Address
- 420 Hudson Avenue Pitman, Gloucester County, New Jersey, 08071 United States
- Coordinates: 39°44′04″N 75°08′22″W﻿ / ﻿39.734455°N 75.139453°W

District information
- Grades: PreK-12
- Superintendent: Robert Preston
- Business administrator: Robert Miles
- Schools: 3

Students and staff
- Enrollment: 1,147 (as of 2023–24)
- Faculty: 104.3 FTEs
- Student–teacher ratio: 11.0:1

Other information
- District Factor Group: FG
- Website: www.pitman.k12.nj.us
| Ind. | Per pupil | District spending | Rank (*) | K-12 average | %± vs. average |
| 1A | Total Spending | $17,273 | 18 | $18,891 | −8.6% |
| 1 | Budgetary Cost | 14,057 | 28 | 14,783 | −4.9% |
| 2 | Classroom Instruction | 8,607 | 31 | 8,763 | −1.8% |
| 6 | Support Services | 2,183 | 31 | 2,392 | −8.7% |
| 8 | Administrative Cost | 1,551 | 18 | 1,485 | 4.4% |
| 10 | Operations & Maintenance | 1,309 | 8 | 1,783 | −26.6% |
| 13 | Extracurricular Activities | 361 | 13 | 268 | 34.7% |
| 16 | Median Teacher Salary | 65,954 | 40 | 64,043 |
Data from NJDoE 2014 Taxpayers' Guide to Education Spending. *Of K-12 districts with up to 1,800 students. Lowest spending=1; Highest=49

= Pitman School District =

School district in Gloucester County, New Jersey, US

The Pitman School District is a comprehensive community public school district that serves students in pre-kindergarten through twelfth grade from Pitman, in Gloucester County, in the U.S. state of New Jersey.

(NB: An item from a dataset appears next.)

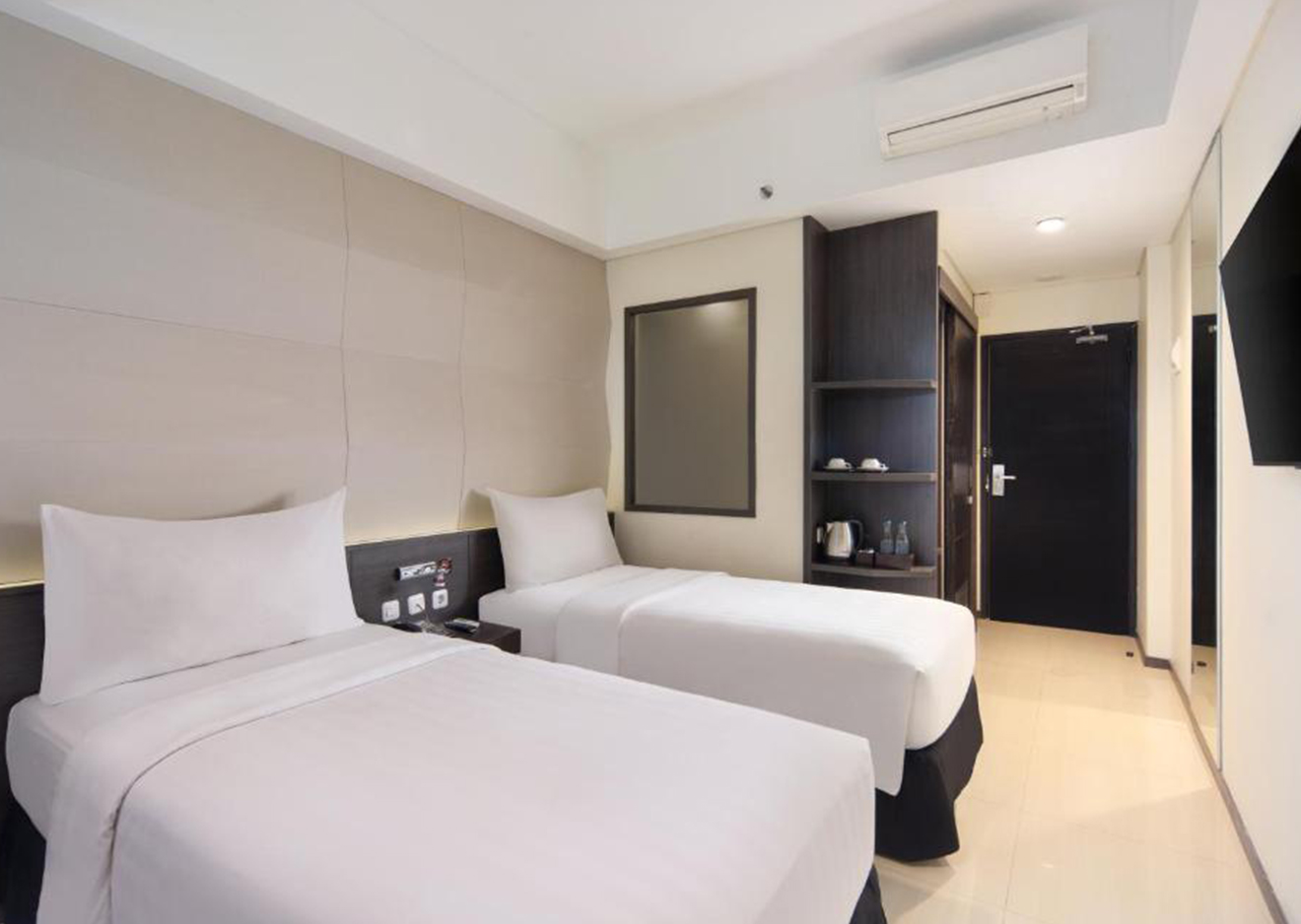 hotel-img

As of the 2023–24 school year, the district, comprised of three schools, had an enrollment of 1,147 students and 104.3 classroom teachers (on an FTE basis), for a student–teacher ratio of 11.0:1.

==History==
The district had been classified by the New Jersey Department of Education as being in District Factor Group "FG", the fourth-highest of eight groupings. District Factor Groups organize districts statewide to allow comparison by common socioeconomic characteristics of the local districts. From lowest socioeconomic status to highest, the categories are A, B, CD, DE, FG, GH, I and J.

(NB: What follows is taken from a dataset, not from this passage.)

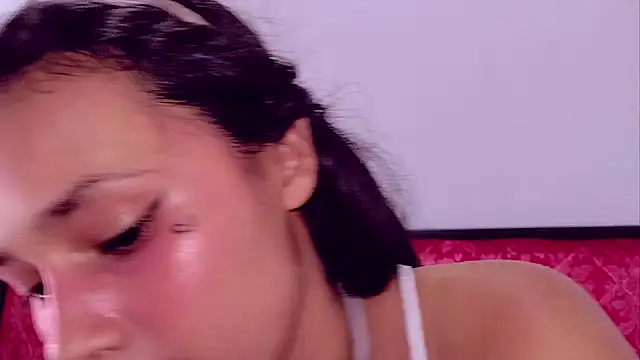 Živý XXX chat Baby_Elisee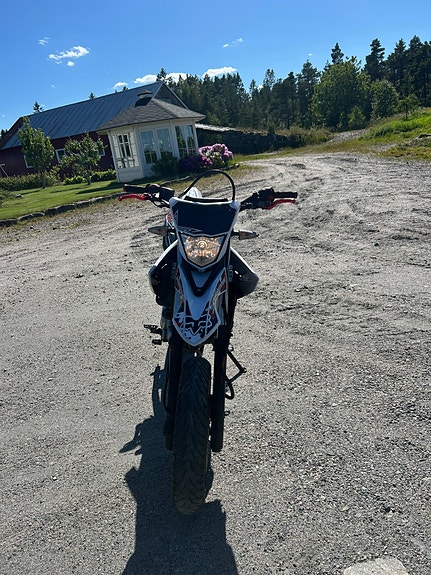 Yamaha WR 125 R 7 of 18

Due to a loss of state aid, the board of education announced in April 2023 a reconfiguration plan for the school district under which two elementary schools would be closed. Beginning with the 2023–24 school year the district was restructured so that Memorial School serves grades PreK–1, Pitman Elementary School (housed at the former Pitman Middle School) covers grades 2–6 and Pitman Junior/Senior High School houses students in grades 7–12.

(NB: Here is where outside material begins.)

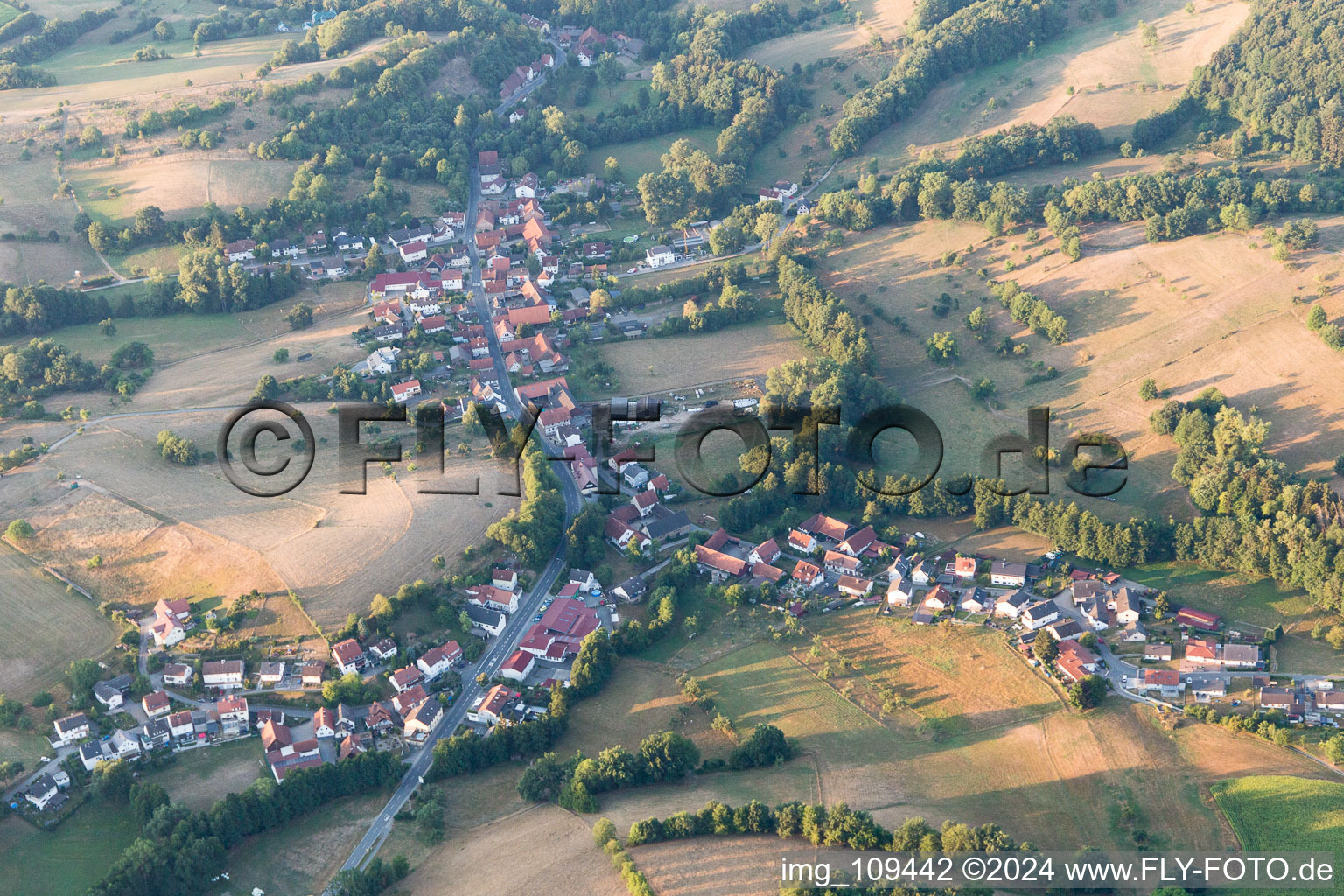 Vue aérienne de Ellenbach dans le département Hesse, Allemagne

The students of W. C. K. Walls Elementary School and Elwood Kindle Elementary School voted on the new name for their school and selected Pitman Elementary School. This name was approved by the board of education.

== Schools ==
Schools in the district (with 2023–24 enrollment data from the National Center for Education Statistics) are:
- Elementary schools
- Memorial Elementary School with 228 students in grades PreK–1
  - Kiersten Miller, principal
- Pitman Elementary School with 413 students in grades 2–6
  - Karolyn Mason, principal
- High school
- Pitman Junior / Senior High School with 487 students in grades 7–12
  - Kristen Stewart, principal

==Administration==
Core members of the district's administration are:
- Robert Preston, superintendent
- Chris DeStratis, business administrator and board secretary

==Board of education==
The district's board of education, comprised of seven members, sets policy and oversees the fiscal and educational operation of the district through its administration. As a Type II school district, the board's trustees are elected directly by voters to serve three-year terms of office on a staggered basis, with either two or three seats up for election each year held (since 2012) as part of the November general election. The board appoints a superintendent to oversee the district's day-to-day operations and a business administrator to supervise the business functions of the district.